> [Recorded data]:
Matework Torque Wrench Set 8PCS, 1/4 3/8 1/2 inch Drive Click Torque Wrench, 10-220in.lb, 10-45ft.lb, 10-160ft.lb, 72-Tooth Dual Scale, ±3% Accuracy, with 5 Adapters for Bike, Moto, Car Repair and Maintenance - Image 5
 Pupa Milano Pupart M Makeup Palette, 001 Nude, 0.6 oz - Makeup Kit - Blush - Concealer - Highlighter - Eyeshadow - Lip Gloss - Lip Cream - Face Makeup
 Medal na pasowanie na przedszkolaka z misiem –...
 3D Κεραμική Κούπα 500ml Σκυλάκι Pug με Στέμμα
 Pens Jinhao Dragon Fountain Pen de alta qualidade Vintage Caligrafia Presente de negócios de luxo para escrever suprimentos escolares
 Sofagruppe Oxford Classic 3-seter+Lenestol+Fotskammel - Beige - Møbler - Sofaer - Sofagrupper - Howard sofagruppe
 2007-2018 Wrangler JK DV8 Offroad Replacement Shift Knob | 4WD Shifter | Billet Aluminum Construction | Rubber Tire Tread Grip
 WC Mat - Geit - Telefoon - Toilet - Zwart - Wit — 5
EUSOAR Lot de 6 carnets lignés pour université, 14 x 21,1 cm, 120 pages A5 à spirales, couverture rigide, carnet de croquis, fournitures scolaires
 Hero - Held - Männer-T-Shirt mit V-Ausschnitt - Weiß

> [Exercise description]: Please output all of the entries without changing a single character.

> [Answer to the exercise]:
Matework Torque Wrench Set 8PCS, 1/4 3/8 1/2 inch Drive Click Torque Wrench, 10-220in.lb, 10-45ft.lb, 10-160ft.lb, 72-Tooth Dual Scale, ±3% Accuracy, with 5 Adapters for Bike, Moto, Car Repair and Maintenance - Image 5
 Pupa Milano Pupart M Makeup Palette, 001 Nude, 0.6 oz - Makeup Kit - Blush - Concealer - Highlighter - Eyeshadow - Lip Gloss - Lip Cream - Face Makeup
 Medal na pasowanie na przedszkolaka z misiem –...
 3D Κεραμική Κούπα 500ml Σκυλάκι Pug με Στέμμα
 Pens Jinhao Dragon Fountain Pen de alta qualidade Vintage Caligrafia Presente de negócios de luxo para escrever suprimentos escolares
 Sofagruppe Oxford Classic 3-seter+Lenestol+Fotskammel - Beige - Møbler - Sofaer - Sofagrupper - Howard sofagruppe
 2007-2018 Wrangler JK DV8 Offroad Replacement Shift Knob | 4WD Shifter | Billet Aluminum Construction | Rubber Tire Tread Grip
 WC Mat - Geit - Telefoon - Toilet - Zwart - Wit — 5
EUSOAR Lot de 6 carnets lignés pour université, 14 x 21,1 cm, 120 pages A5 à spirales, couverture rigide, carnet de croquis, fournitures scolaires
 Hero - Held - Männer-T-Shirt mit V-Ausschnitt - Weiß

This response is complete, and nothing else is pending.